# Star Wars



## Wilbur's Mom (Aug 10, 2017)

Yes I am a big fat nerd! But Last Jedi is here!! Yay!


----------



## dawg53 (Aug 25, 2015)

I've never watched any Star Wars movies. I prefer Star Trek. I've watched them all at least twice or more, including on TV. But not the new one that's currently running on TV.


----------



## chickenqueen (Jan 9, 2016)

WM,did you go see it this past weekend?I saw the first one when it came out but that's it.Like Dawg,I'm a Star Trek fan but only the original.


----------



## Wilbur's Mom (Aug 10, 2017)

No! My oldest bailed on me! Going Saturday. I grew up watching Captain Kirk, Spock and McCoy! I don’t watch any of the new Star Trek. My youngest will watch The Voyage Home with me


----------



## dawg53 (Aug 25, 2015)

Yall didnt watch Star Trek the Next Generation on TV? You dont know what you missed!
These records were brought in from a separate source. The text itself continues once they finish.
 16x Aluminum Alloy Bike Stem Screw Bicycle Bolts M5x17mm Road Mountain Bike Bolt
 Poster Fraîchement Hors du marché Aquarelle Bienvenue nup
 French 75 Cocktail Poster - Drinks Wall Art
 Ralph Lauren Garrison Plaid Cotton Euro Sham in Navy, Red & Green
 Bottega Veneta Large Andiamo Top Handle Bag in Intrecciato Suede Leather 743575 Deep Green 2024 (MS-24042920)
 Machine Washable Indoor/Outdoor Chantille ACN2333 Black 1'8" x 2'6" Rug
Especially the Federations battles with the Borg!


----------



## Wilbur's Mom (Aug 10, 2017)

Was that the one that has Q? I did watch some of the earlier ones.


----------



## dawg53 (Aug 25, 2015)

Yep. Q was the one who started all the turmoil with the Borg. Voyager put up good battles against them as well. Loved it!


----------